For a real number \(x\), we denote by \(\lfloor x \rfloor\) the largest integer less than or equal to \(x\). Let

\[f(x) =\dfrac{x}{2}-\left\lfloor \dfrac{x}{2} \right\rfloor.\]

The smallest number of equal width strips for which the trapezium rule produces an *overestimate* for the integral

\[\int_0^5 f(x) \:dx\]

is

(a) \(2,\quad\) (b) \(3,\quad\) (c) \(4,\quad\) (d) \(5,\quad\) (e) it never produces an overestimate.

If we sketch the graph for \(0 \leq x \leq 5\), we find that it takes a saw-tooth shape.

It’s easy to calculate the integral; it is the area of the three triangles shown, which is \(\dfrac{9}{4}\).

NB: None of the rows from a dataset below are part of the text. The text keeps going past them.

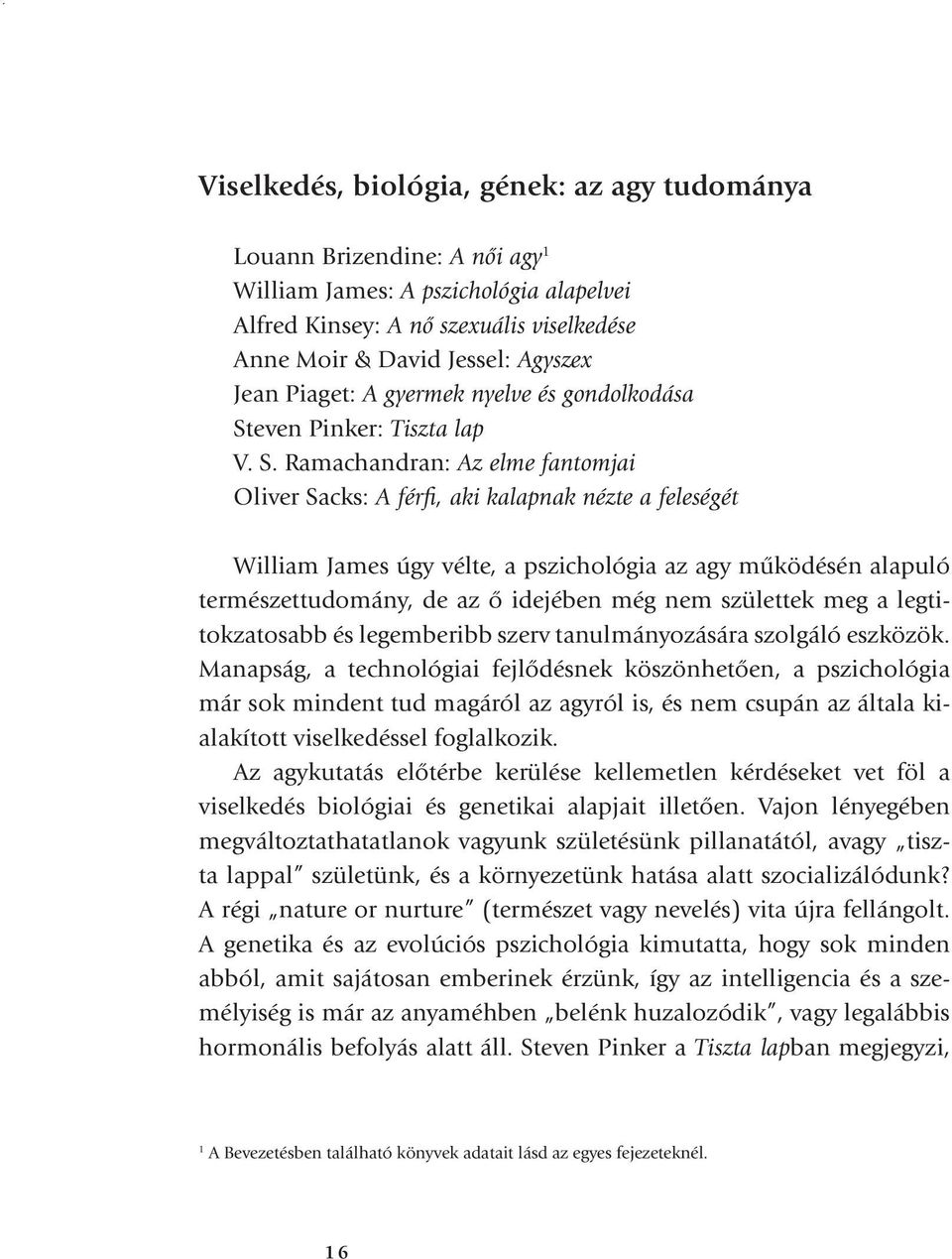 even Pinker: Tiszta lap V. S.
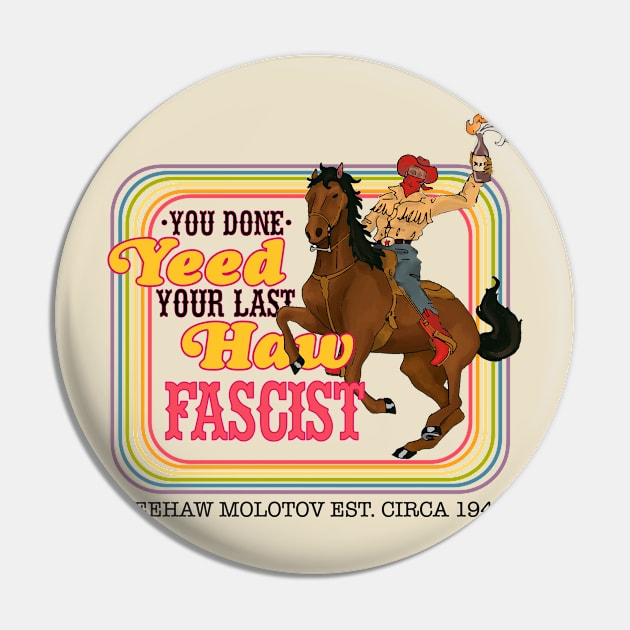 Yeehaw Molotov! Pin by Sunshine&Revolt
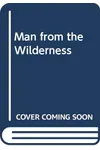 The Man From The Wilderness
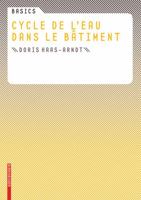 Basics Cycle de L' Eau Dans Le B�timent 3034600194 Book Cover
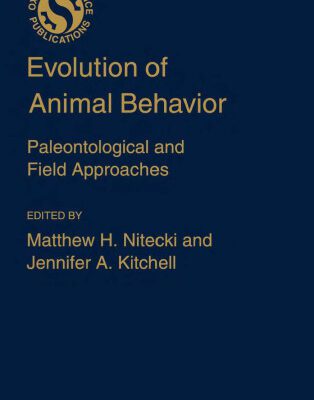 خرید و دانلود نسخه کامل کتاب Evolution of Animal Behavior: Paleontological and Field Approaches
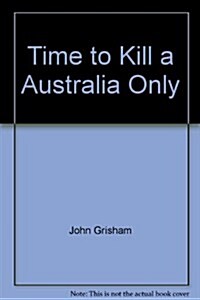 TIME TO KILL A AUSTRALIA ONLY (Paperback)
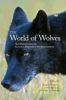 Go to record The world of wolves : new perspectives on ecology, behavio...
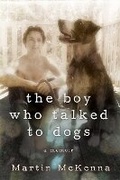 Cover: The Boy Who Talked to Dogs - Skyhorse Publishing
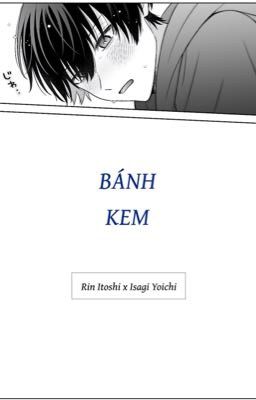 [RinIsa] [Dou_trans] Bánh kem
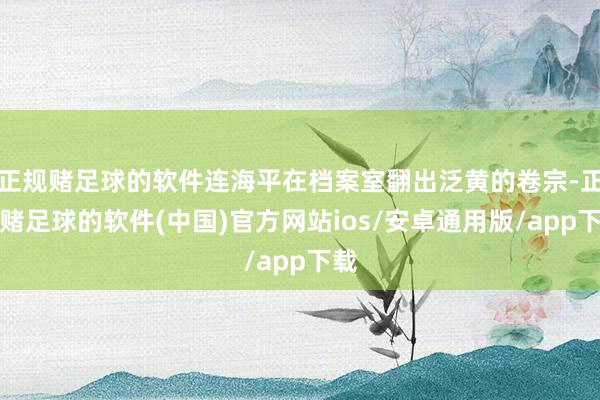 正规赌足球的软件连海平在档案室翻出泛黄的卷宗-正规赌足球的软件(中国)官方网站ios/安卓通用版/app下载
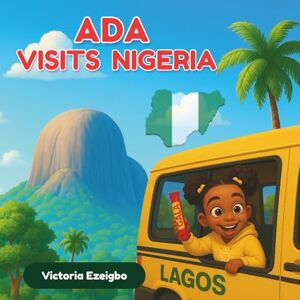 Ezeigbo, Victoria Ada Visits Nigeria: A Colorful Journey Through Culture, Festivals, and Fun! (Ada’s Adventures) Ezeigbo, Victoria Ada Visits Nigeria: A Colorful Journey Through Culture, Festivals, and Fun! (Ada’s Adventures)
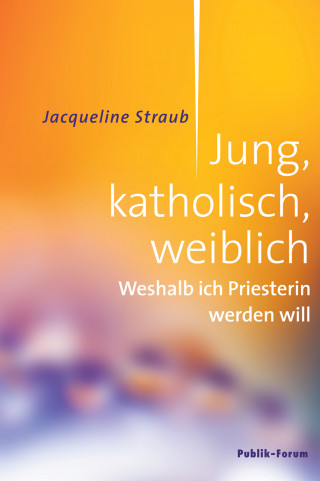 Jacqueline Straub: Jung, katholisch, weiblich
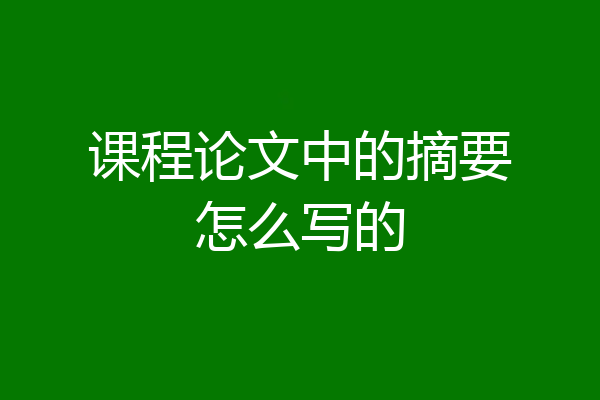 课程论文中的摘要怎么写的
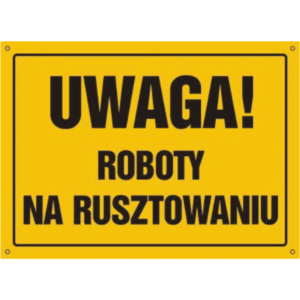 Uwaga Roboty na Rusztowaniu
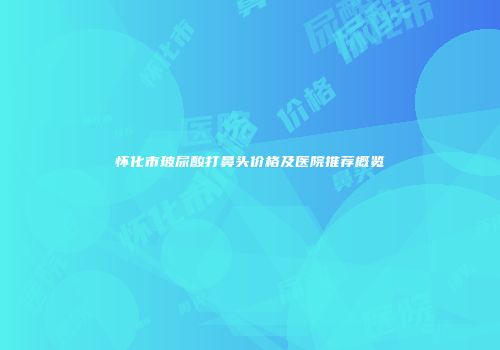 怀化市玻尿酸打鼻头价格及医院推荐概览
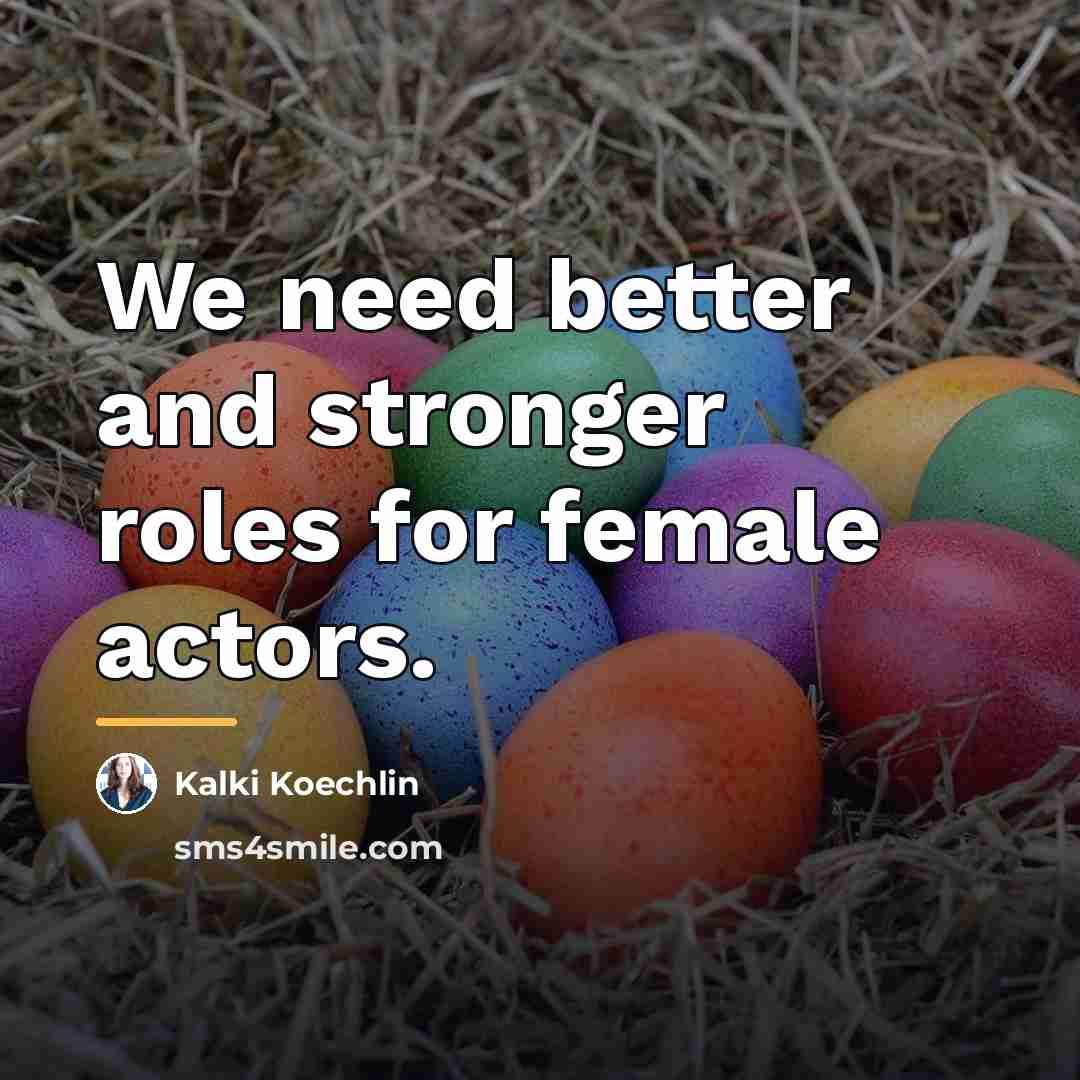 “We need better and stronger roles for female actors.…” quote by Kalki Koechlin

What happens if we apply the trapezium rule with two strips?

The trapezium rule returns the area of the blue triangle, which is \(\dfrac{5}{4} < \dfrac{9}{4}\), an underestimate.

What happens with three strips?

By the trapezium rule, the shaded area now is \(\dfrac{1}{2}\times\dfrac{5}{3}\left[0+\dfrac{1}{2}+2\left(\dfrac{5}{6}+ \dfrac{2}{3}\right)\right] = \dfrac{105}{36}> \dfrac{9}{4}\), and so the answer is (b).

If we apply the trapezium rule with \(5n\) strips, where \(n\) is a positive integer, the result agrees exactly with the given integral.